2.1 System Requirements
The PI Planning Tool is a 100% Java application, and should therefore run on all systems where Java is available. Java 1.4.2 or higher is required. We use Java Web Start to distribute the tool.
2.2 Starting the PI Planning Tool
To start the PI Planning Tool, click here. If you have Java Web Start installed on your computer, the download of the components will begin. Every time the tool is started, Web Start will check to see whether a new version is available and, if so, will download it. If not, or if you are not plugged into the internet, it will use the version of the tool currently on your computer.
NOTE: The tool will have to read and write data from your hard drive, and so it will need special permissions from your system. To get these permissions, the Java library files have to be digitally signed. We don't own an official signature key at Wisconsin. So Java Web Start will warn you about a self-signed program that wants all permissions, and it will recommend you not to start the application. Until we get an official signing key at Wisconsin or find better ways for distribution, we ask you to ignore this message and to start the application.
3.0 Using the PI Planning Tool
After the start of the tool the main window will appear.

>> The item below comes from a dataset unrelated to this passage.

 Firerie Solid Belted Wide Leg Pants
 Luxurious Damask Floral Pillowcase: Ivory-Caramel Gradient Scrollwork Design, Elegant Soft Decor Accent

There are three main tabs:
These set up the simulated input spectra, put PFIS into one of its possible configurations, and generate a signal/ noise estimate based on input detector parameters.
3.1 Generate Spectra
The first five sections create a simulated F_lambda target spectrum (above the atmosphere):
Clicking the "Use? checkbox" will add the listed option into the target spectrum. All except "emission line" are normalized by the V magnitude; the emission line flux is given in absolute units of erg/s-cm^2.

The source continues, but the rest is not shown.